Exercise directions.
Exactly the lines from the one holding "Luxo Cadeira de" through the end of the material below must be printed, nothing more, and the pictures must be dropped.

Data shown.
* * *
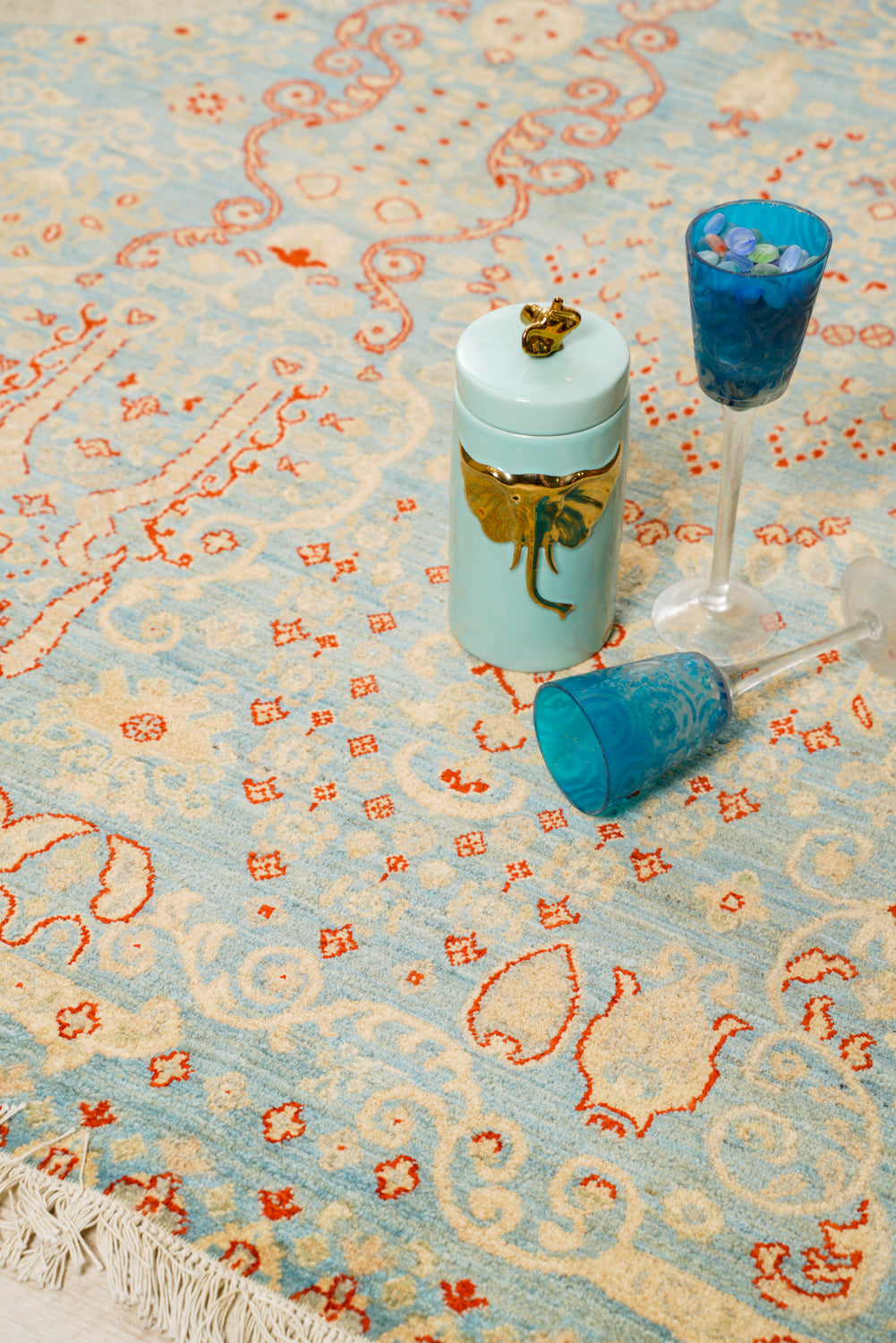 Modern Mughal design Rug 12' x 9'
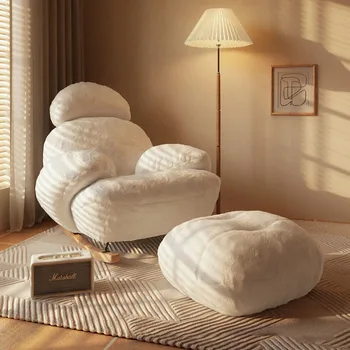 Luxo Cadeira de Balanço de Veludo da Poltrona, Cadeiras, um Sofá Confortável Cadeira com Pernas de Madeira Design Moderno, Casa de Móveis para Sala de estar  0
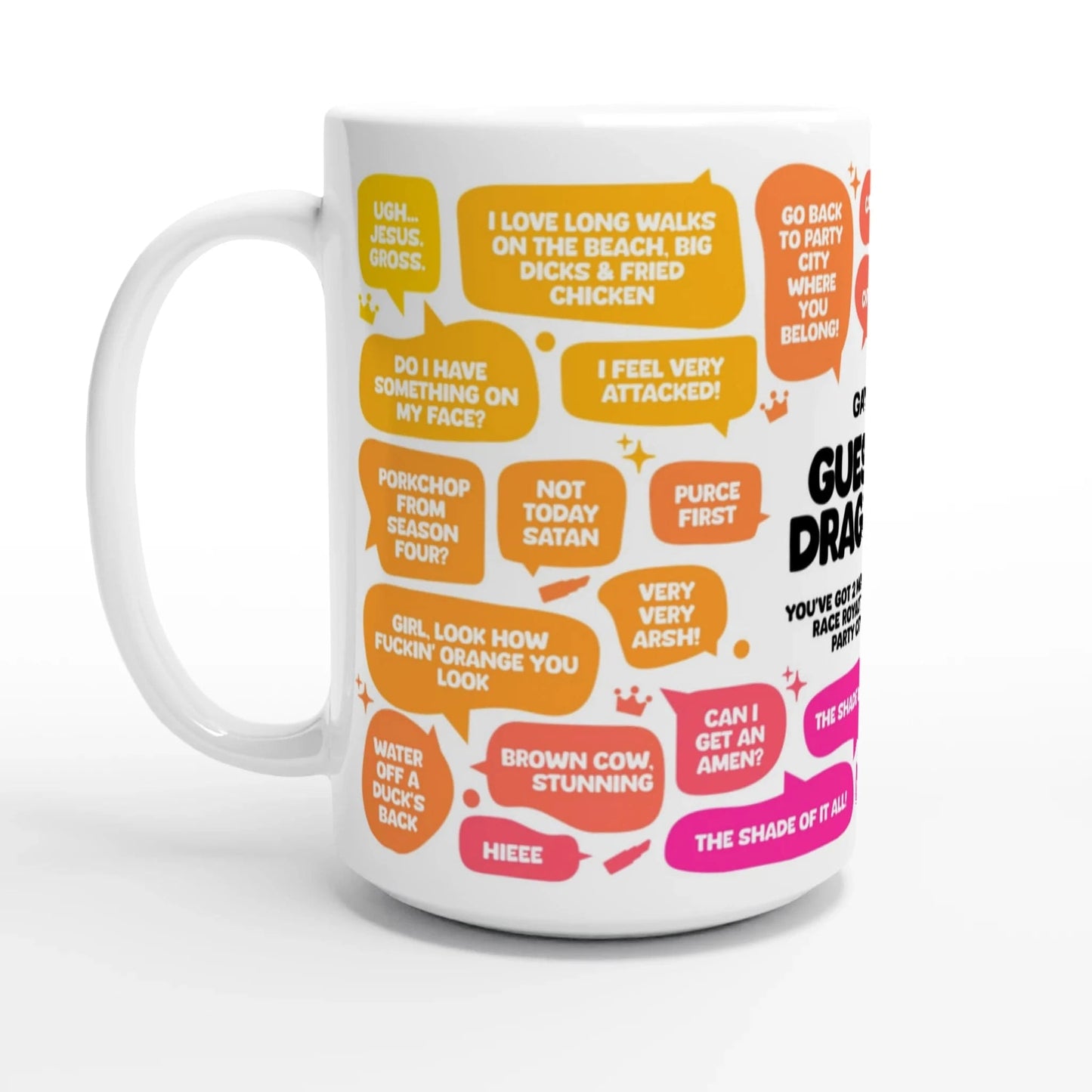 Drinkware GUESS THE QUEEN Large Mug ~ GAYSBIE GAYSBIE SHOP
* * *
Output of the task.
 Luxo Cadeira de Balanço de Veludo da Poltrona, Cadeiras, um Sofá Confortável Cadeira com Pernas de Madeira Design Moderno, Casa de Móveis para Sala de estar  0
 Drinkware GUESS THE QUEEN Large Mug ~ GAYSBIE GAYSBIE SHOP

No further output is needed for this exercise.